_Task brief_: Retype the listing below exactly, beginning at the line that contains "Podstawy chemii - Rachunki" and ending with its last line.

_Source information_:
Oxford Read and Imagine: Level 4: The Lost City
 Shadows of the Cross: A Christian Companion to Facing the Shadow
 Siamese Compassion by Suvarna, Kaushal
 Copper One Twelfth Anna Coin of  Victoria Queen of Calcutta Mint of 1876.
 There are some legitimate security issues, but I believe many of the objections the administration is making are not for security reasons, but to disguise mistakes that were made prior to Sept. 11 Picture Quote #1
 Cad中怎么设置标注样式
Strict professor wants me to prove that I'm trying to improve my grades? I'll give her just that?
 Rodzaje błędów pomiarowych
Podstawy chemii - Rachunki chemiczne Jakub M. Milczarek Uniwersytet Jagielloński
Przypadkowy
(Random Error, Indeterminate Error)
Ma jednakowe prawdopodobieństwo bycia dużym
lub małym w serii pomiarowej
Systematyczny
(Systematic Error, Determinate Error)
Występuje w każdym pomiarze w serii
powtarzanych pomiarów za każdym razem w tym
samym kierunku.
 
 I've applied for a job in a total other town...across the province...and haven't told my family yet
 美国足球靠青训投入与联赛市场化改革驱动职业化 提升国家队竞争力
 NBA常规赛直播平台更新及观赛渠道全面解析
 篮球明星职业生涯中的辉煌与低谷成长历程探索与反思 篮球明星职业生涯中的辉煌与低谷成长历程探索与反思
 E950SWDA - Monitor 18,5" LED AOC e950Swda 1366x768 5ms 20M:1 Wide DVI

_Answer area_:
Podstawy chemii - Rachunki chemiczne Jakub M. Milczarek Uniwersytet Jagielloński
Przypadkowy
(Random Error, Indeterminate Error)
Ma jednakowe prawdopodobieństwo bycia dużym
lub małym w serii pomiarowej
Systematyczny
(Systematic Error, Determinate Error)
Występuje w każdym pomiarze w serii
powtarzanych pomiarów za każdym razem w tym
samym kierunku.
 
 I've applied for a job in a total other town...across the province...and haven't told my family yet
 美国足球靠青训投入与联赛市场化改革驱动职业化 提升国家队竞争力
 NBA常规赛直播平台更新及观赛渠道全面解析
 篮球明星职业生涯中的辉煌与低谷成长历程探索与反思 篮球明星职业生涯中的辉煌与低谷成长历程探索与反思
 E950SWDA - Monitor 18,5" LED AOC e950Swda 1366x768 5ms 20M:1 Wide DVI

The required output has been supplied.